#### Instructions for the task:
With the images left out, print every entry that follows exactly.

Start of Input material

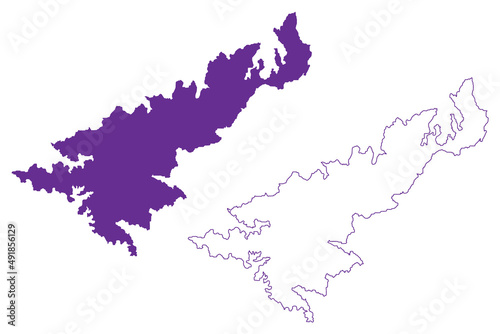 Amami Oshima island (Japan, East Asia, Japanese archipelago, Amami Islands) map vector illustration, scribble sketch Amami Oshima map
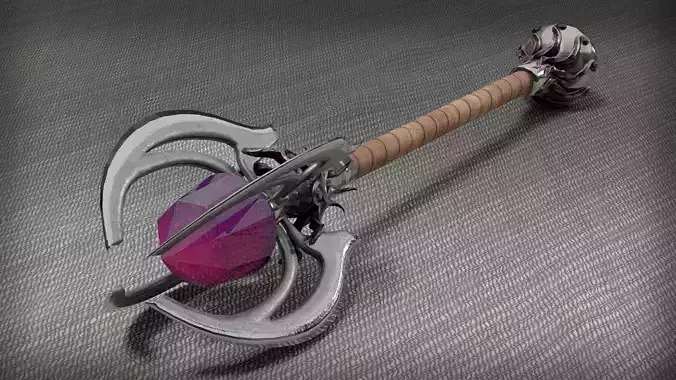 mace-axe 3d lowpoly sword with crystals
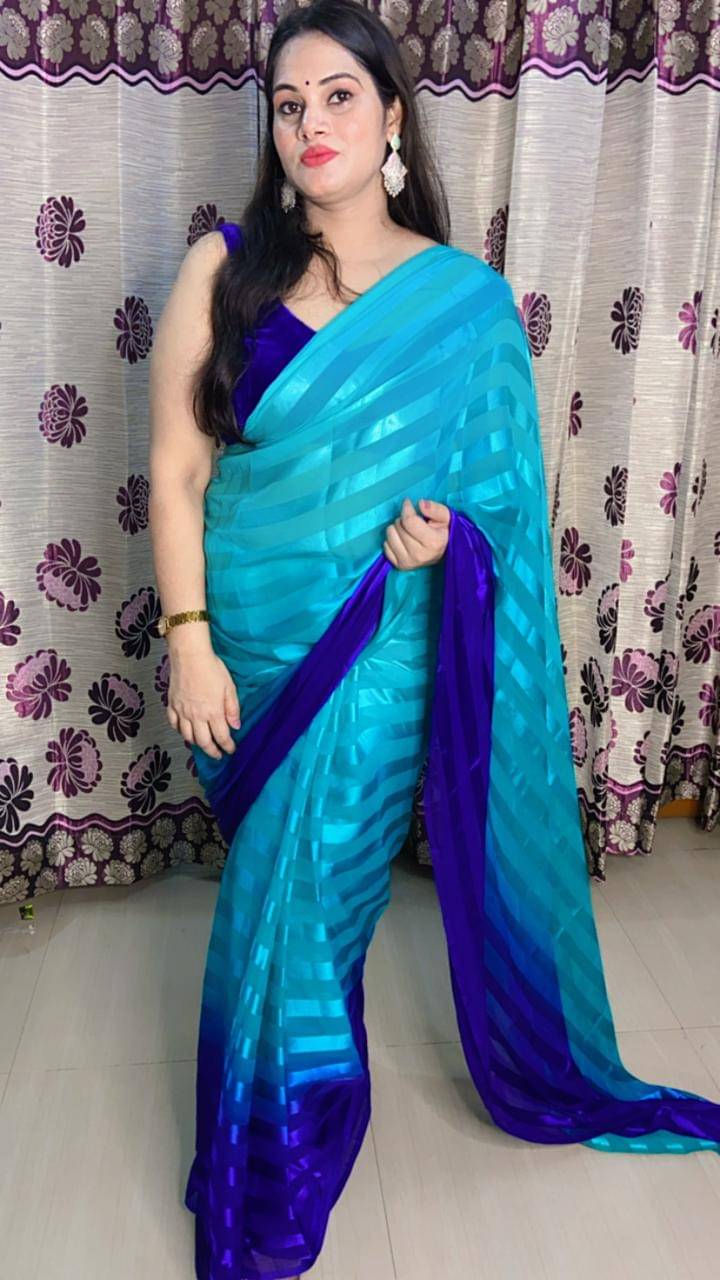 Kashvi Sarees Georgette Striped Ilkal Saree With Unstitched Blouse Piece ( BLUE ) Kashvi Sarees Georgette Striped Ilkal Saree With Unstitched Blouse Piece ( BLUE )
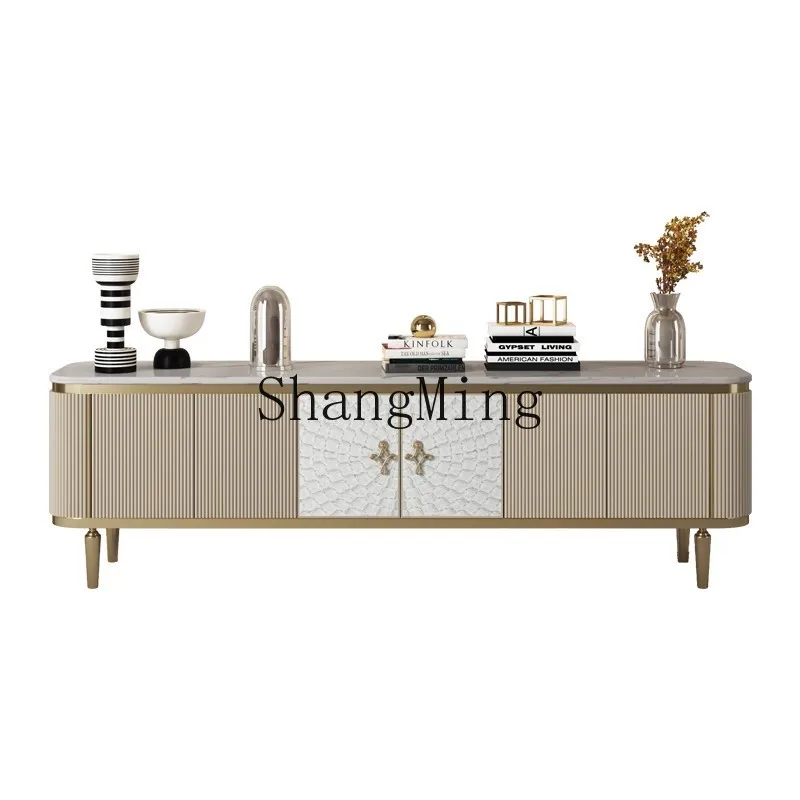 CL light luxury marble TV cabinet coffee table combination simple small apartment living room solid wood shell floor cabinet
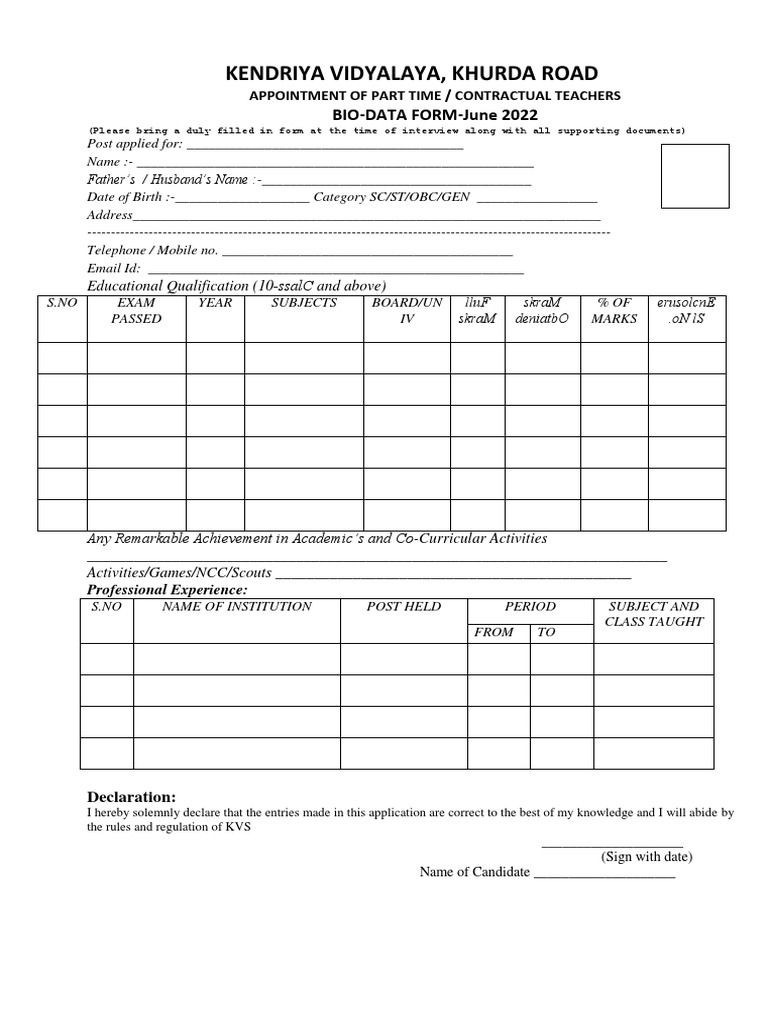 Bio Data Form | PDF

End of Input material

#### Answer section:
 Amami Oshima island (Japan, East Asia, Japanese archipelago, Amami Islands) map vector illustration, scribble sketch Amami Oshima map
 mace-axe 3d lowpoly sword with crystals
 Kashvi Sarees Georgette Striped Ilkal Saree With Unstitched Blouse Piece ( BLUE ) Kashvi Sarees Georgette Striped Ilkal Saree With Unstitched Blouse Piece ( BLUE )
 CL light luxury marble TV cabinet coffee table combination simple small apartment living room solid wood shell floor cabinet
 Bio Data Form | PDF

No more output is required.